Cada viaje también puede ser una forma de cuidar el planeta

Hola, soy Bettina, directora de Boomerang Viajes. Hay fechas que nos invitan a detenernos un momento y mirar más allá de la rutina. El 30 de julio, cuando se conmemora el Día del Sobregiro de la Tierra, es una de ellas.

Si no conocés esta fecha, seguí leyendo, porque nos deja una pregunta muy valiosa para todos: ¿cómo impactan nuestras decisiones en el planeta que habitamos?

El Día del Sobregiro de la Tierra marca el momento del año en que la demanda de recursos naturales y servicios ecológicos por parte de la humanidad supera la capacidad que tiene el planeta para regenerarlos durante ese mismo año

En otras palabras: A partir de hoy comenzamos a vivir “a crédito”, utilizando recursos que la Tierra ya no puede reponer al mismo ritmo. Se los estamos quitando a las generaciones futuras. 

Este cálculo compara la biocapacidad del planeta, es decir, su capacidad para regenerar recursos y absorber residuos, con la huella ecológica de la humanidad, que mide cuánto consumimos cada año (ver más en este artículo de National Geographic).

 

Trabajo en turismo desde hace más de 25 años y, si algo aprendí en este tiempo, es que viajar no es solamente trasladarse de un lugar a otro. Cada viaje es una elección: elegimos qué destinos visitar, qué proyectos apoyar, qué economías fortalecer y qué relación queremos construir con los lugares que conocemos.

Muchas veces se plantea al turismo únicamente desde el impacto que genera. Y es cierto que toda actividad humana deja una huella, pero también creo que el turismo puede ser parte de la solución cuando se desarrolla con respeto, planificación y una mirada de largo plazo. No se trata de dejar de viajar. Se trata de hacerlo de otra manera.
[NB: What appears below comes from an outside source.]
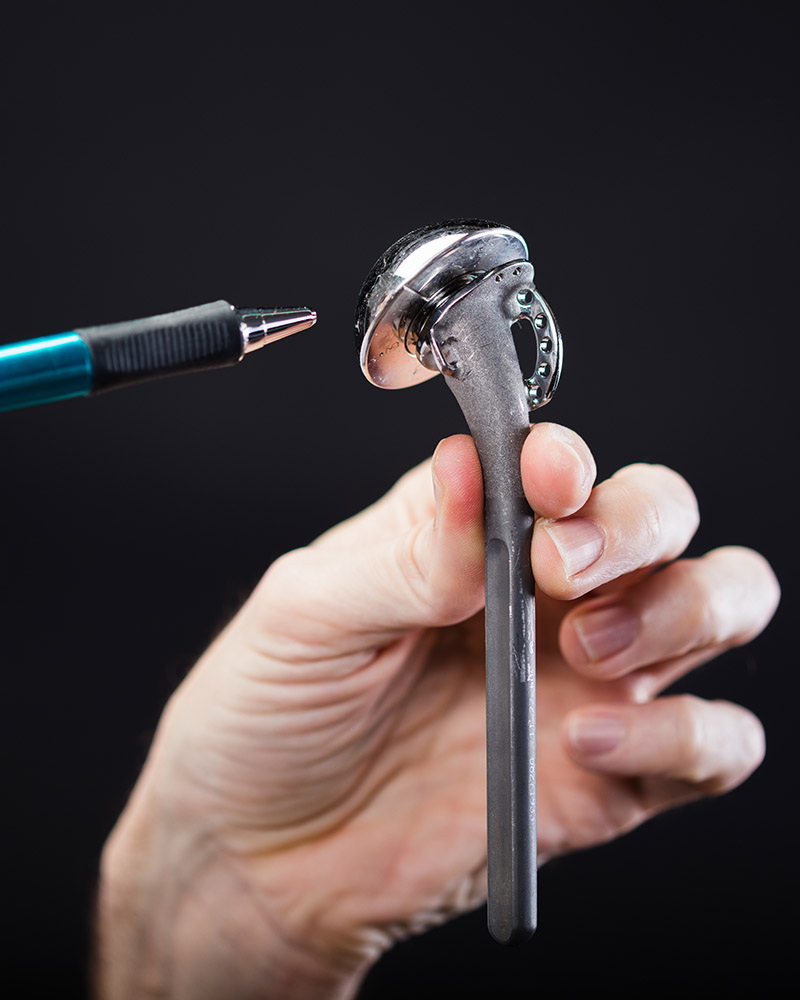 orthopaedics Shoulder replacement total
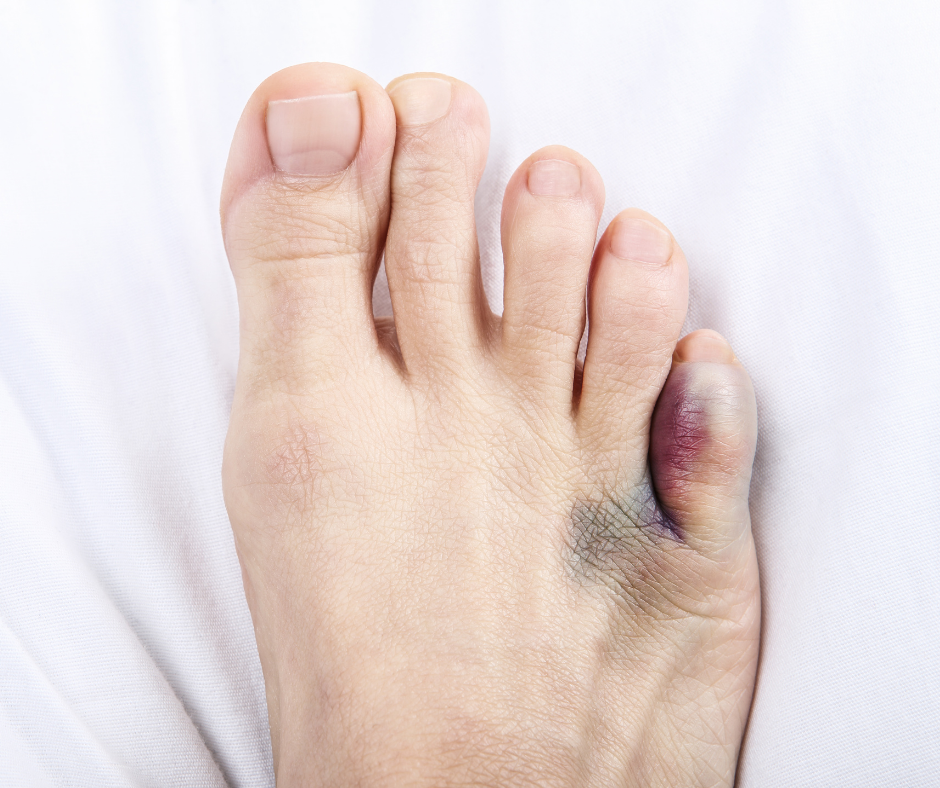 foot with bruised toe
El turismo también puede ser parte de la solución

Cuando una comunidad encuentra en el turismo una fuente de desarrollo, aparecen nuevas oportunidades para conservar su patrimonio natural y cultural, fortalecer las economías locales y generar empleo sin perder la identidad del territorio. 

Importa elegir prestadores comprometidos con el ambiente, respetar las comunidades que visitamos, consumir productos locales y entender que cada destino tiene tiempos, costumbres y recursos que merecen ser cuidados.

Viajar con otra mirada

Estoy convencida de que los mejores viajes no son necesariamente aquellos en los que hacemos más cosas o recorremos más kilómetros. Son los que nos permiten mirar un lugar con otros ojos.

Son los que nos ayudan a comprender por qué un bosque necesita ser protegido, por qué un humedal es fundamental para la biodiversidad o por qué preservar las tradiciones de una comunidad también es una forma de cuidar el patrimonio.

Viajar puede despertar esa conciencia de una manera que pocas experiencias logran. Porque es muy distinto leer sobre un lugar que caminarlo, conversar con quienes viven allí y entender todo lo que existe detrás de un paisaje.

Cada decisión suma

En Boomerang Viajes creemos que el turismo tiene la capacidad de generar un impacto positivo cuando se planifica con responsabilidad y propósito.

Por eso, como Empresa B, buscamos que cada experiencia vaya más allá del viaje en sí. Incorporamos la medición de la huella de carbono en nuestros programas, promovemos propuestas que valoran el patrimonio natural y cultural de cada destino y trabajamos junto a comunidades y organizaciones que comparten una misma mirada sobre el desarrollo sostenible.

No porque pensemos que existe un turismo perfecto, sino porque creemos que siempre es posible hacerlo un poco mejor.

Una invitación a reflexionar

El Día del Sobregiro de la Tierra busca recordarnos que vivimos en un planeta con recursos finitos y que nuestras decisiones cotidianas tienen consecuencias. Como viajeros también formamos parte de esa realidad.

Y quizás esa sea una de las preguntas más importantes que podemos hacernos antes de emprender cualquier viaje: ¿cómo quiero relacionarme con el lugar que voy a conocer?

 

Estoy convencida de que viajar seguirá siendo una de las experiencias más enriquecedoras que podemos vivir. A su vez,  creo que el verdadero desafío es hacerlo de una manera que permita que esos paisajes, esas culturas y esas comunidades puedan seguir existiendo para las próximas generaciones.

Porque, al final, cada viaje deja una huella y todos podemos elegir que esa huella sea positiva.